I have one of those things too.. and i agree.


----------



## 76nemo (Aug 13, 2008)

.......and it wouldn't help at all looking at the output of an VFD. LowZ and the low bandpass feature are an entirely different design.


----------



## HARRY304E (Sep 15, 2010)

76nemo said:


> .......and it wouldn't help at all looking at the output of an VFD. LowZ and the low bandpass feature are an entirely different design.


It would be good if they all had that feature..:thumbsup:


----------



## 76nemo (Aug 13, 2008)

HARRY304E said:


> It would be good if they all had that feature..:thumbsup:


The 289 does. If they all had that feature, 90% of tech's would go with another meter with a much lower price tag


----------



## diy_guy (May 13, 2014)

*This seems like a great product, but to amazon it north of the border it would cost +*

a diy project but dont know where to start. Diagrams help.


----------



## diy_guy (May 13, 2014)

ilikepez said:


> Got this guy in the mail yesterday, thought I'd post a quick review. This little guy cost me $40 and I bought it because I was tired of using my high impedance Fluke 87v with the control projects we have been doing at school and getting ghost voltages. Its basically a 3k ohm resistor that goes in parallel with the 10 M ohm resistor used for testing normally. It adds a small load to the circuit basically doing the same thing as the Lo-Z function of other Fluke meters.
> 
> Its CAT III 1000v/CAT IV 600v rated. It doesn't have any special plug or anything like that so it should work on any multimeter input jacks with the same width between them.
> 
> If you don't have a low pass filter it should help to clean up a noisy signal too.


Diagrams help.


----------



## MDShunk (Jan 7, 2007)

I can't, in good conscience, recommend this method, but _rumor has it_ (first hand experience?) that if you put your finger on one of the meter probes as you're taking the measurement, the ghost voltage is eliminated by making your body part of the circuit.


----------



## KDC (Oct 19, 2012)

We tried to order some of them for work about a year back, turns out they're not approved by any canadian agency, and can't be brought in by the wholesalers.

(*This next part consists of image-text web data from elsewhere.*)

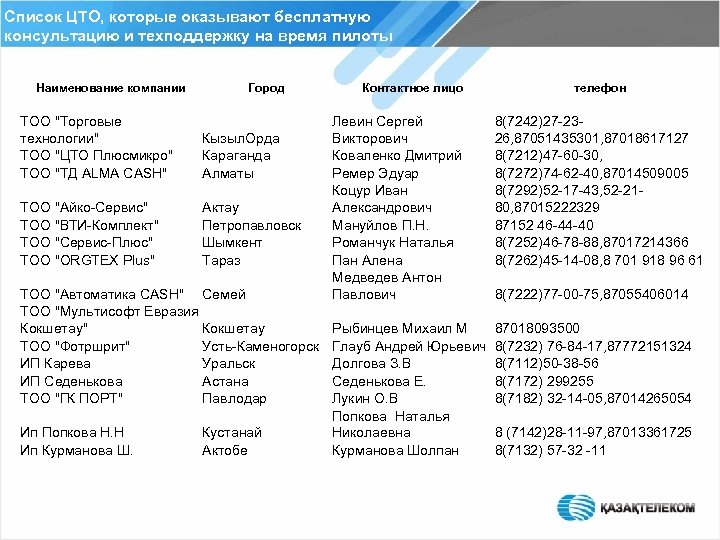 Список ЦТО, которые оказывают бесплатную консультацию и техподдержку на время пилоты Наименование компании Город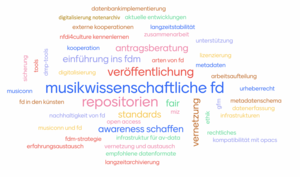 Word Cloud, keywords concerning RDM and Music Libraries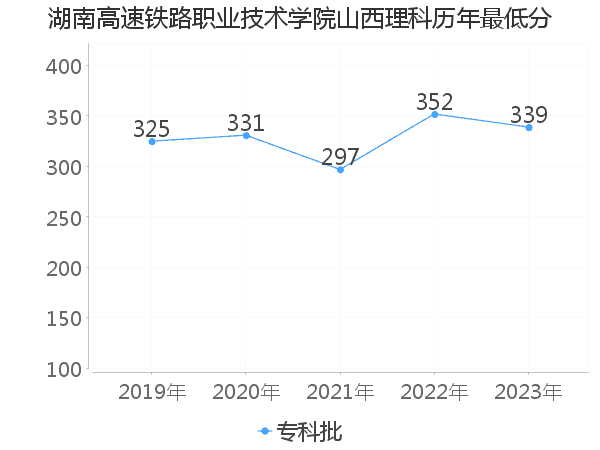 最低分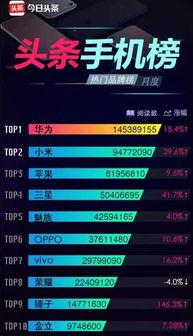华为手机头条没热榜,揭秘最新热榜背后的科技魅力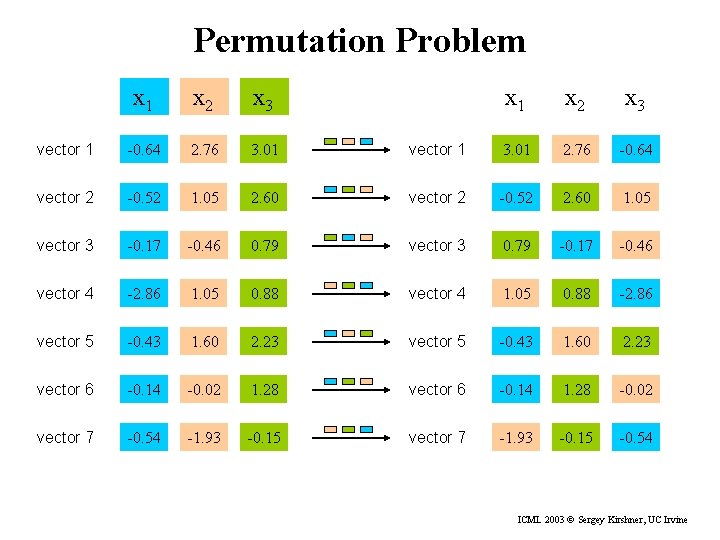 Permutation Problem x 1 x 2 x 3 vector 1 3. 01 2. 76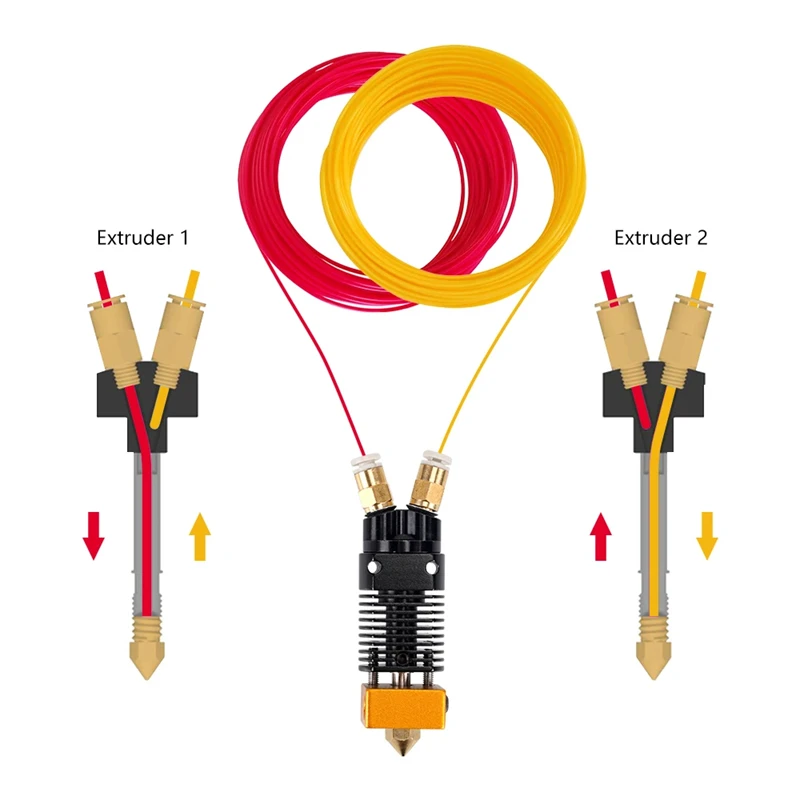 3D Printer Parts 2 in 1 Out Dual Color J-Head Metal Hotend With PTFE Tube Print Head Kit for CR10 CR10S Ender 3 Series Extruder - 2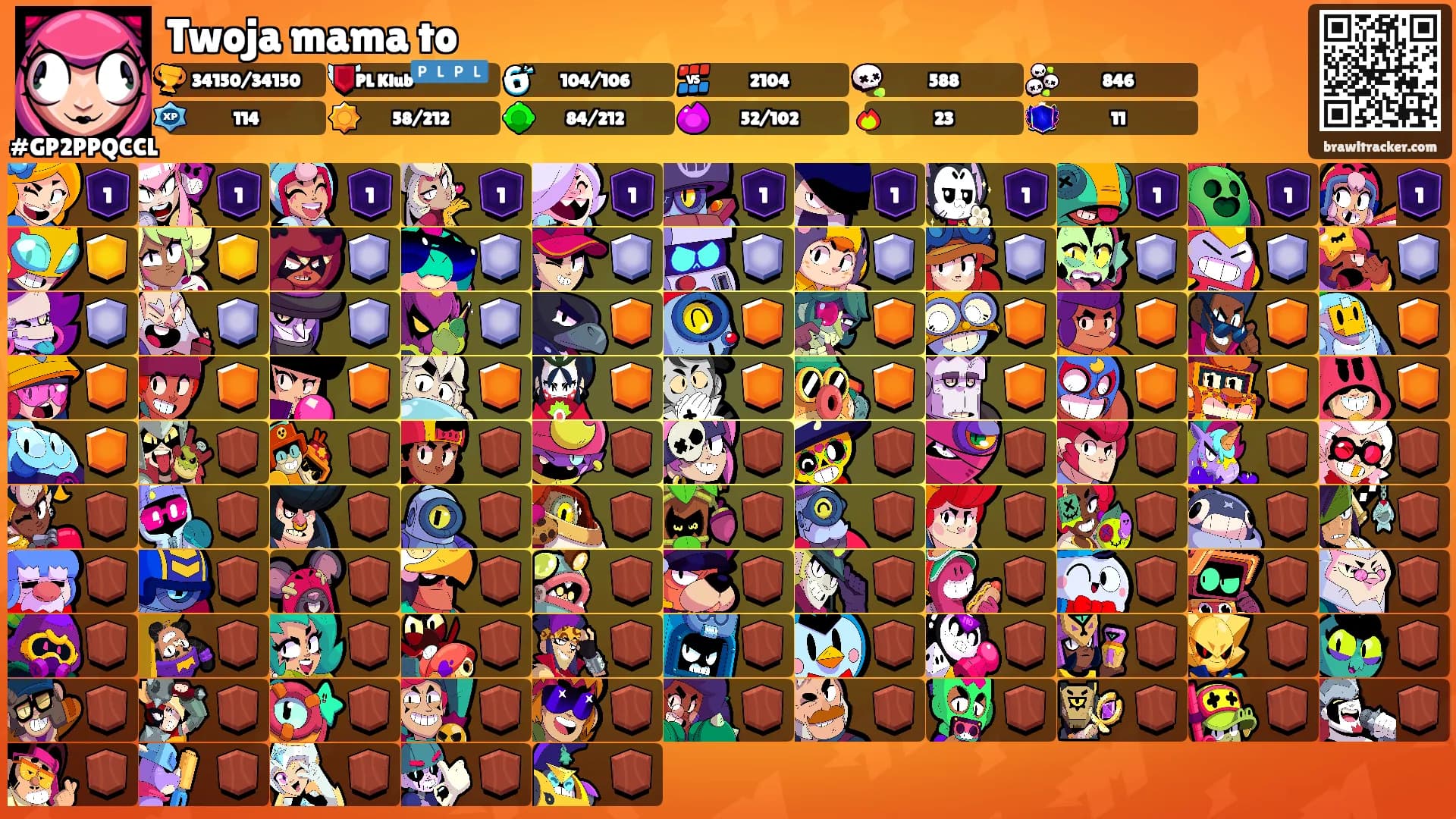 Twoja mama to's Ranks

Now, the whole amusing part of this, is that the guy who was convinced we needed them, and it was the solution to all his problems, had a Fluke with the Low-Z function, he just didn't know what it did.


----------



## Voltage Hazard (Aug 10, 2009)

KDC said:


> We tried to order some of them for work about a year back, turns out they're not approved by any canadian agency, and can't be brought in by the wholesalers.


Seriously?

Does that mean meters with Lo Z are also not approved for use? You shouldn't be able to ban one, without the other........


----------



## 480sparky (Sep 20, 2007)




----------



## The_Modifier (Oct 24, 2009)

3 years to boot! Eh 480? :laughing:


----------



## Wirenuting (Sep 12, 2010)

MDShunk said:


> I can't, in good conscience, recommend this method, but rumor has it (first hand experience?) that if you put your finger on one of the meter probes as you're taking the measurement, the ghost voltage is eliminated by making your body part of the circuit.


I would never recommend this method either.
But it sure did work well back in the old days when electricity was safer.


----------



## KDC (Oct 19, 2012)

Voltage Hazard said:


> Seriously?
> 
> Does that mean meters with Lo Z are also not approved for use? You shouldn't be able to ban one, without the other........


It's not a case of how they're built or work. Fluke just hasn't paid to get it stamped by a canadian approval agency.


----------